Obama sent a letter to Congress, seeking the additional funding for the departments of Homeland Security and Justice to "deploy additional enforcement resources -- including immigration judges, Immigration and Customs Enforcement attorneys and asylum officers -- to focus on individuals and adults traveling with children from Central America and entering without authorization across the southwest border," the White House fact sheet said.

Those funds would help expedite the process of deporting 52,000 unaccompanied minors from Guatemala, Honduras and El Salvador who have overwhelmed the southern border since the beginning of the year. There are also 39,000 women with children who have been apprehended at the border since January.

The administration has been working with the governments of El Salvador, Guatemala, Honduras and Mexico to try to stem the migration.

The money sought Tuesday is to be used for increasing court capacity, enhanced interdiction and prosecution of criminal networks, improved repatriation and stepped up public information campaigns to explain the dangers of the trek.
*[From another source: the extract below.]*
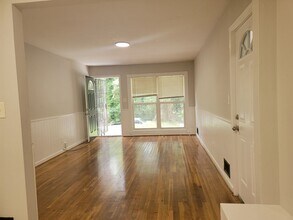 1854 Evans Dr SW in Atlanta, GA - Building Photo - Building Photo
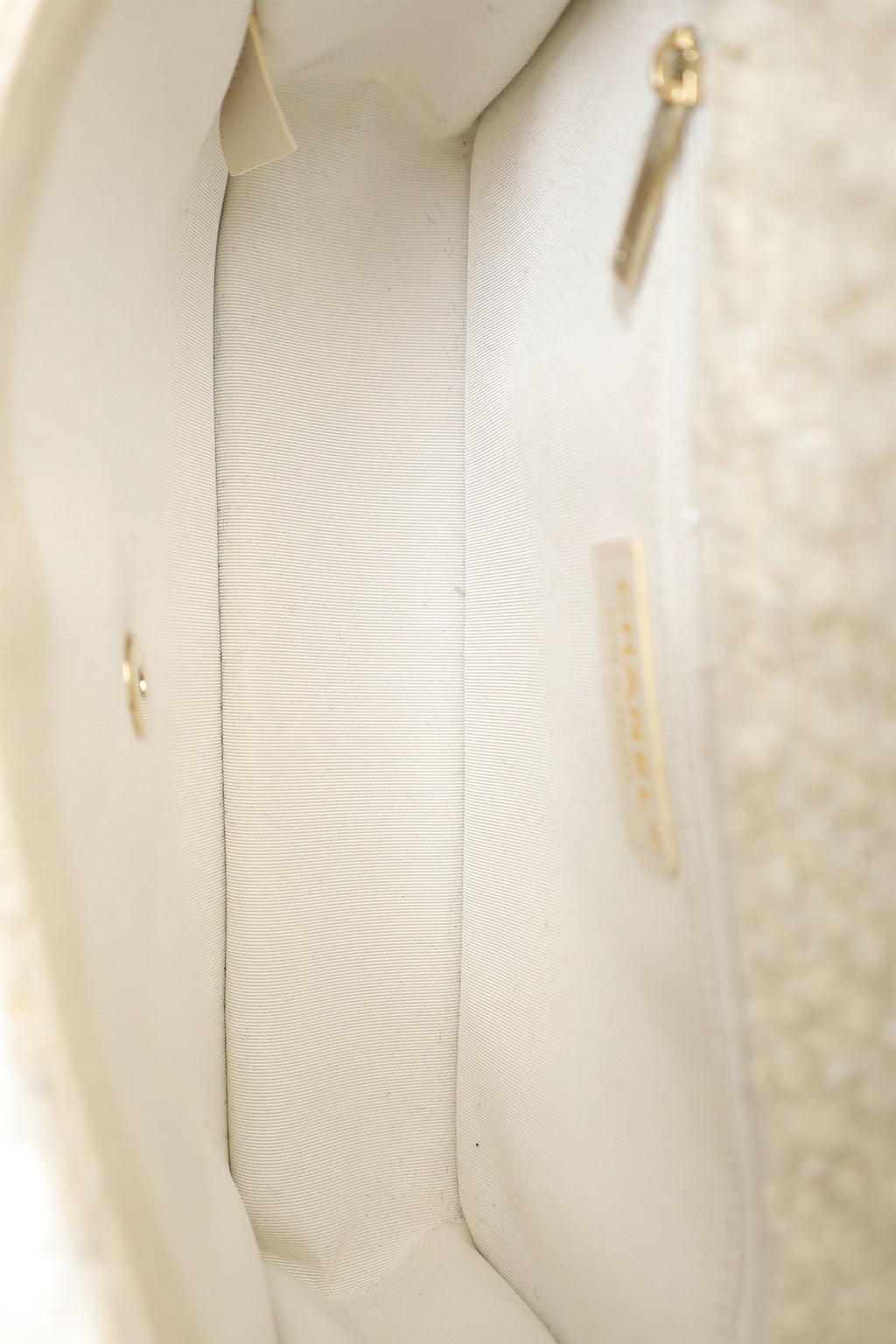 Pre-Loved Chanel™ White Medium Tweed Bag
It is also for efforts to address the root causes of the migration, and increasing capacity to deal with the influx.

Humanitarian groups have condemned the deportation of children.

The administration is asking for $1.1 billion for Immigration and Customs Enforcement: $116 million for transportation costs, $109 million for immigration and customs enforcement and $879 million for detention and removal of undocumented adults traveling with children plus expansion of alternatives to detention programs.
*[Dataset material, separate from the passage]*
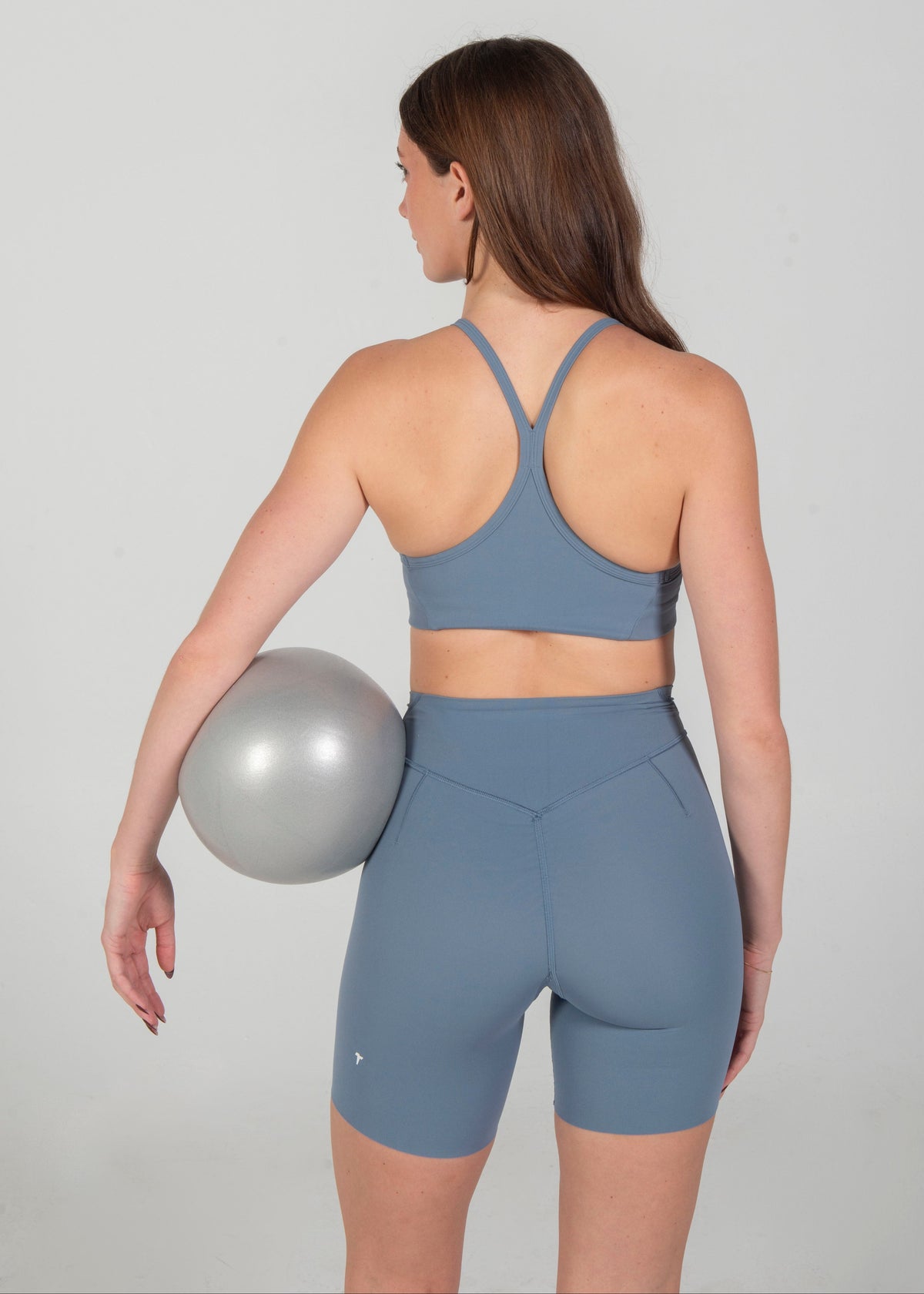 TURF ACTIVE meta Studio Short 7" - Flint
Customs and Border Protection would get $433 million for operational costs, information sharing with other agencies and increased air surveillance. The Justice Department would get $64 million to hire 40 additional immigration judge teams and expand legal assistance to immigrants. The State Department and other international programs would get $300 million to support repatriation efforts and run media campaigns to dispel myths about immigration to the United States.

Some $1.8 billion would be allocated to the Department of Health and Human Services to take care of unaccompanied minors.
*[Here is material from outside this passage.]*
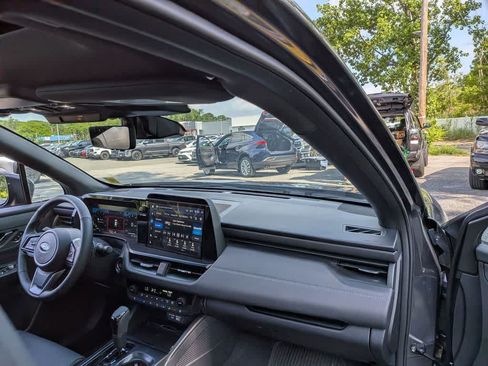 Used 2026 Subaru Outback Touring AWD/4WD image 25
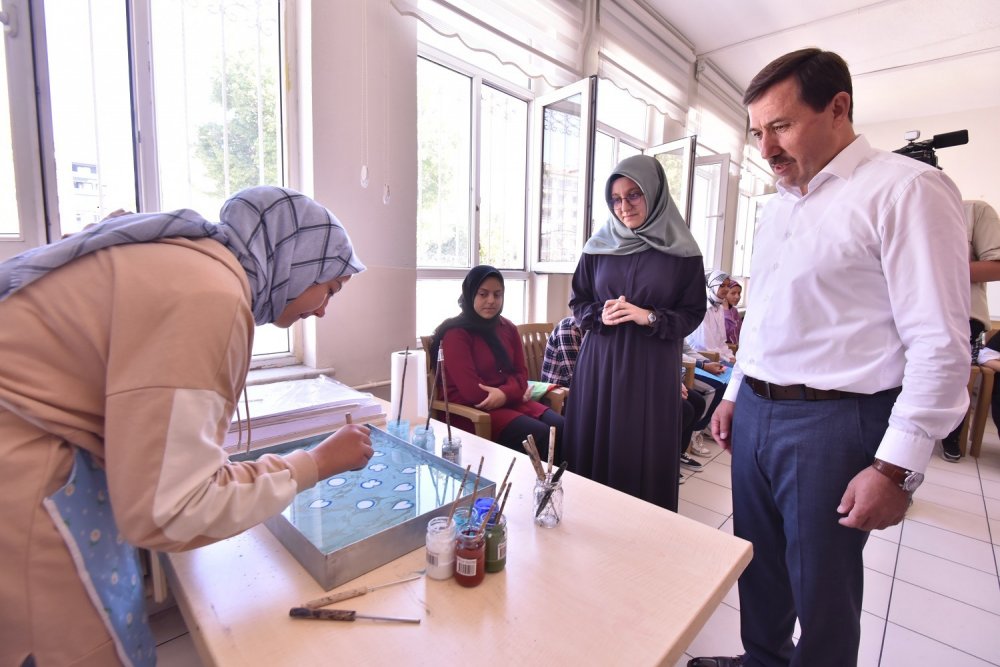 Konya Karatay Gençli Meclisi Yaz Okulu eğitimleri dolu dolu geçiyor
"Without supplemental funding, absent undertaking extraordinary measures, agencies will not have sufficient resources to adequately address this situation. HHS will be unable to address the influx of children by securing sufficient shelter capacity with the number of children held at Border Patrol stations continuing to increase, for longer periods of time," the White House said.

"Going forward, HHS will be unable to set-up more stable, cost-effective arrangements for these children, Border Patrol agents will have to be re-assigned to child care duties from their border security work, and ICE will lack the resources needed to sufficiently expand detention and removal capacity for adults with children who cross the border illegally.

"In addition, without additional funds, DOJ will be unable to keep pace with its growing caseload, leading to longer wait times for those cases already on the docket. And absent dedicated resources in Central American countries, we will not make progress on the larger drivers of this humanitarian crisis. For these reasons, supplemental resources are urgently needed to continue forward with the aggressive response that the Administration has deployed to date."

U.S. Rep. Hal Rogers, R-Ky., chairman of the House Appropriations Committee, said the body would review the request but couldn’t say whether he backs Obama’s plan.

"Plainly, the situation for many of these unaccompanied children is extremely dire, and the United States has both a security and a moral obligation to help solve the crisis at hand,” he told the Wall Street Journal.

The influx of illegal immigrants has been blamed on misinterpretations among Central Americans who believe the U.S. will not deport children who cross the border. Late last month, Obama announced he would take executive action to move Department of Homeland Security resources closer to the border. He also said he would ask Attorney General Eric Holder and DHS Secretary Jeh Johnson for recommendations on other options he has to address the situation.